_WORK REQUIRED_
Skip the pictures and write out, word for word, the lines below from the one with "Leggings Motifs classiques" through the one with "The Ultimate Woodworking", inclusive.

_ENTRIES PROVIDED_
Segment Open

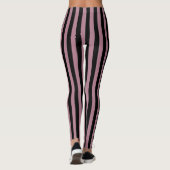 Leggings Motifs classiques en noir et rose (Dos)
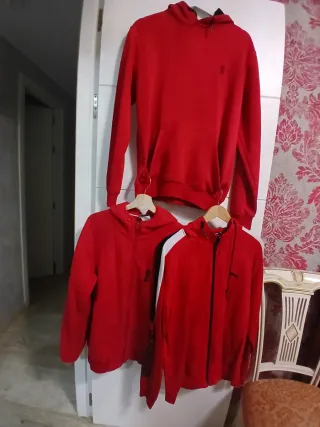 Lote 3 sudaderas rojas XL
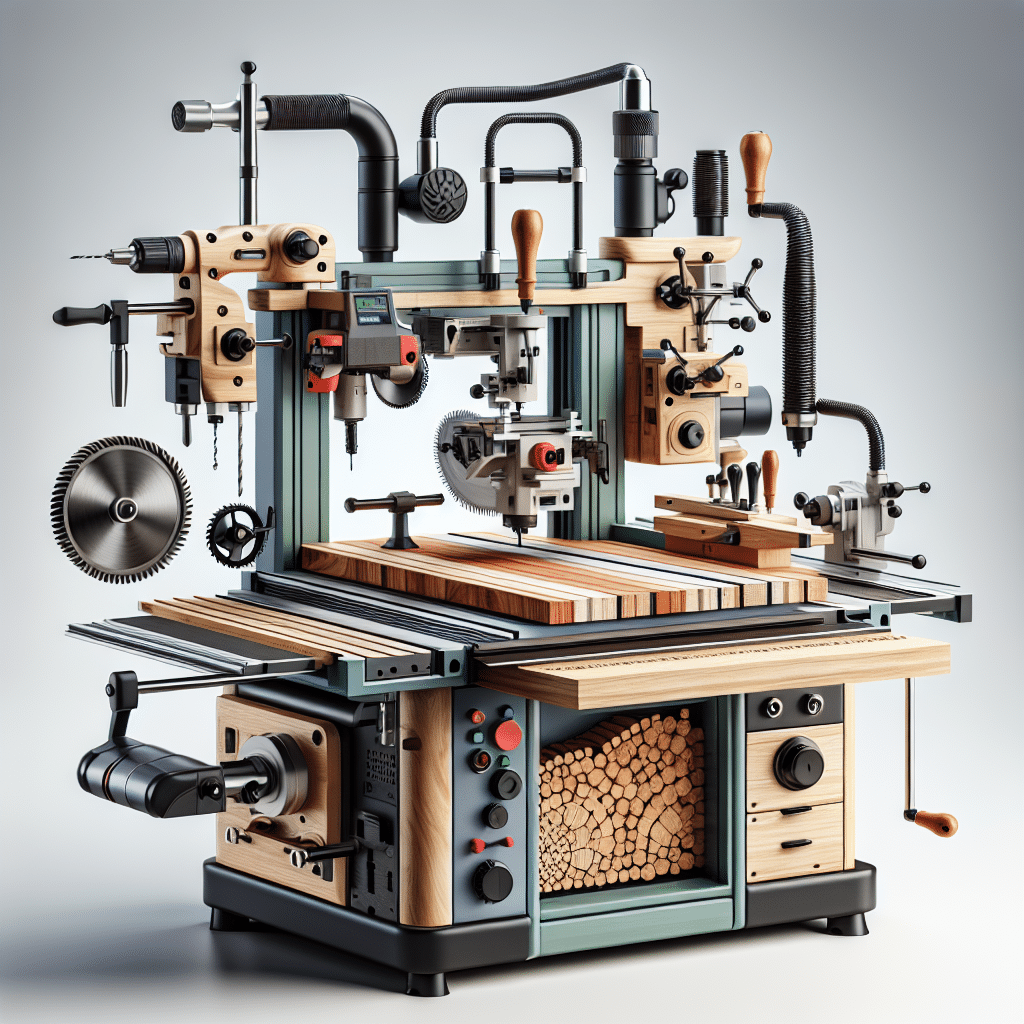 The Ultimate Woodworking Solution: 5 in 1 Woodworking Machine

Segment Closed
Segment Open

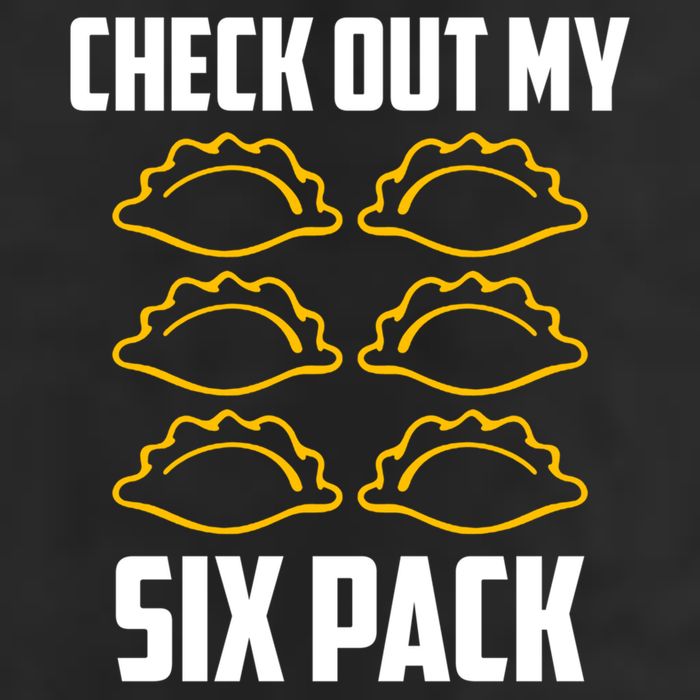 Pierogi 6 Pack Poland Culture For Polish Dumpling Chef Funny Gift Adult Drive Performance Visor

Segment Closed
Segment Open

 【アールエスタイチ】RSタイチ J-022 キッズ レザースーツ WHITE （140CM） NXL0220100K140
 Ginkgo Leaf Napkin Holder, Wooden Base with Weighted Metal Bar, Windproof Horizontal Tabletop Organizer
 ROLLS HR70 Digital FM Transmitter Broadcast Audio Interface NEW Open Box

Segment Closed

_RESULT OF THE TASK_
 Leggings Motifs classiques en noir et rose (Dos)
 Lote 3 sudaderas rojas XL
 The Ultimate Woodworking Solution: 5 in 1 Woodworking Machine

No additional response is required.